(Crawled caption data)
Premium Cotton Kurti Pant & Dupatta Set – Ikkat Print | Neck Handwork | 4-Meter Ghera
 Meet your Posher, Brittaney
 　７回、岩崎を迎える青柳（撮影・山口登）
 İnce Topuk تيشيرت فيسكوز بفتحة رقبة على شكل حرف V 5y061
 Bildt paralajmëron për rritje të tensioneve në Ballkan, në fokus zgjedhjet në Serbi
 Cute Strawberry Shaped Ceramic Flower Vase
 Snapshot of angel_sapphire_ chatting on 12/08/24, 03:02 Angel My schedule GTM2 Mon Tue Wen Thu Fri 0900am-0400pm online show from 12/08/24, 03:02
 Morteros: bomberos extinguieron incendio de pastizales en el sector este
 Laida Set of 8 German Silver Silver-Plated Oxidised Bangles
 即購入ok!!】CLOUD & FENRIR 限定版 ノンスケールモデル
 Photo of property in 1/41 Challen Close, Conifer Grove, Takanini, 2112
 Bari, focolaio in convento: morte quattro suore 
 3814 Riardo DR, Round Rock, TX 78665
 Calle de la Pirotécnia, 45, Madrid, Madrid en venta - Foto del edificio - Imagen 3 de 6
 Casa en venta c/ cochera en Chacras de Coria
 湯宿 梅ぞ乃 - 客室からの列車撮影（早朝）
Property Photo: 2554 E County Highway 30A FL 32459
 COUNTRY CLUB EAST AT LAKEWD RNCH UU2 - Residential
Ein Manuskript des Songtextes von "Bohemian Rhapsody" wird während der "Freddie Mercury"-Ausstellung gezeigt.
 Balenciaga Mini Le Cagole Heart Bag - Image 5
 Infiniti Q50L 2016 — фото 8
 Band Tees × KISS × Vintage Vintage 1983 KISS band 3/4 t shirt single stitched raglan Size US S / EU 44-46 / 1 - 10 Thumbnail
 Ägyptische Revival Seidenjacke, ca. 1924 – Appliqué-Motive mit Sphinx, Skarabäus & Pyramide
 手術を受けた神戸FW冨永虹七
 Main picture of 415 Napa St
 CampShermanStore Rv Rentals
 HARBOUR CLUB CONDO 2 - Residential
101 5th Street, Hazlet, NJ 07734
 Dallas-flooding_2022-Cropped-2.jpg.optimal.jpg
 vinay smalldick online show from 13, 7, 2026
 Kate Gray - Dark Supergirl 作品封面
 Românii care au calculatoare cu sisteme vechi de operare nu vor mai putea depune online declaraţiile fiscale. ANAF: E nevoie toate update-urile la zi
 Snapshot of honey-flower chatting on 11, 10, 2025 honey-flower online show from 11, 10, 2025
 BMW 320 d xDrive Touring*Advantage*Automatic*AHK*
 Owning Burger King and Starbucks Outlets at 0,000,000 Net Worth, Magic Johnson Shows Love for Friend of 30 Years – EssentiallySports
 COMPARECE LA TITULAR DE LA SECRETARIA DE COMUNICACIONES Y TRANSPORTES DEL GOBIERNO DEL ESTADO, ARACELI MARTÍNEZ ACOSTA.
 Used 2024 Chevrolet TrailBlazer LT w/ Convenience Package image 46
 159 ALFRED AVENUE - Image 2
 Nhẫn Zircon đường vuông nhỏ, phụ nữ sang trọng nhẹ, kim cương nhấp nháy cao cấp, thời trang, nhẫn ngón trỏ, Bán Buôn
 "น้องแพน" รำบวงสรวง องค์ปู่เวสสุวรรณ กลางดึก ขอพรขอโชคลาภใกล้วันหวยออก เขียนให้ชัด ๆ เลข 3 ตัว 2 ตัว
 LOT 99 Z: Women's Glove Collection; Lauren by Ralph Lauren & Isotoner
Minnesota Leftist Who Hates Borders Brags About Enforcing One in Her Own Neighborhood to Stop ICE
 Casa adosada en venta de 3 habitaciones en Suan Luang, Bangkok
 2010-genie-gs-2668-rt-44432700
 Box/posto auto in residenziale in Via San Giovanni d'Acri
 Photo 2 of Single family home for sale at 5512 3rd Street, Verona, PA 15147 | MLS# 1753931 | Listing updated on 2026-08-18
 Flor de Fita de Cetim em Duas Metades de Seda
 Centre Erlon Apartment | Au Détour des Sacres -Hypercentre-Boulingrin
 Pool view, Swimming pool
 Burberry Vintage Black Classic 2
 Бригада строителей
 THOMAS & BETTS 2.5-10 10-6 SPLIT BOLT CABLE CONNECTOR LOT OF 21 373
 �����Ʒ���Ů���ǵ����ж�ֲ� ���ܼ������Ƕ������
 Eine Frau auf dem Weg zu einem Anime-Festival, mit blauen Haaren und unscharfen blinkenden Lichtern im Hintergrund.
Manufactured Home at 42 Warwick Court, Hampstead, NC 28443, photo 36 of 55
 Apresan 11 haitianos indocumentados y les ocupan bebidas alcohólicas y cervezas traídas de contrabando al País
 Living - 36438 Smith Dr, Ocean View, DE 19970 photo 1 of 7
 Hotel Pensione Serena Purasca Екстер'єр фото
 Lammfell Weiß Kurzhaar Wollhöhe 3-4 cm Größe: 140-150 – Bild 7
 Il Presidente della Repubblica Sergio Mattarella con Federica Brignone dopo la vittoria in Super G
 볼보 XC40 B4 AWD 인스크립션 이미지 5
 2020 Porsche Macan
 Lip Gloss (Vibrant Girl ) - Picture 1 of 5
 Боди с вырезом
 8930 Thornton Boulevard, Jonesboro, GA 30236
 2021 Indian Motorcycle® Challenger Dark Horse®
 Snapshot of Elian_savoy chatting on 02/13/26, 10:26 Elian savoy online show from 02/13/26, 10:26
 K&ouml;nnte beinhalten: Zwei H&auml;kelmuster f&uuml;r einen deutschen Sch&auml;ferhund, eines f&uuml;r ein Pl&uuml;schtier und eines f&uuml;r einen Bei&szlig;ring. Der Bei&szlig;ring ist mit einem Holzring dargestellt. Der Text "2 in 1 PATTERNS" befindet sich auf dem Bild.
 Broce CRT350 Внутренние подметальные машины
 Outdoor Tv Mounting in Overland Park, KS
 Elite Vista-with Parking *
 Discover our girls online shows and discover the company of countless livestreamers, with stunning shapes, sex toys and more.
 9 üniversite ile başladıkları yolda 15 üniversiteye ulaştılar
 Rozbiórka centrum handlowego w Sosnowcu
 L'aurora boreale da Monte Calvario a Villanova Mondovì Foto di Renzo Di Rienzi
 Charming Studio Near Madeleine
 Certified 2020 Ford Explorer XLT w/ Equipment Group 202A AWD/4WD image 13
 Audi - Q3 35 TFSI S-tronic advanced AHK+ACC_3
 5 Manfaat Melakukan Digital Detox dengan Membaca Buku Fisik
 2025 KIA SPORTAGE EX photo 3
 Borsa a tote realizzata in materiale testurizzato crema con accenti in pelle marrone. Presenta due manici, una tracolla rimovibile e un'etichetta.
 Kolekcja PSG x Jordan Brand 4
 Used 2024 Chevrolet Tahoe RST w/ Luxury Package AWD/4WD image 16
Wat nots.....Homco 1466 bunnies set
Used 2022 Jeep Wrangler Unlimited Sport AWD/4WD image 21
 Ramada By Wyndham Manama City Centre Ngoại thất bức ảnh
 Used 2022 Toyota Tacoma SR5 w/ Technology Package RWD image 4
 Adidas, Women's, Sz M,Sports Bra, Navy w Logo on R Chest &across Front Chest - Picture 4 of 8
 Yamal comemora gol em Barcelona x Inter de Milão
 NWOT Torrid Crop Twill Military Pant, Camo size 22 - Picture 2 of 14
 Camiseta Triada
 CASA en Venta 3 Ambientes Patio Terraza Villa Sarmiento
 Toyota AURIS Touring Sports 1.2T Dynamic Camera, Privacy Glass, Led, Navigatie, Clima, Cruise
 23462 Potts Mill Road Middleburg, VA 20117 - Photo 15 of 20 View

## [ACTIVITY]
Scan the lines above for the word "фото", then copy each line that has it.

## [TASK SOLUTION]
 Infiniti Q50L 2016 — фото 8
 Hotel Pensione Serena Purasca Екстер'єр фото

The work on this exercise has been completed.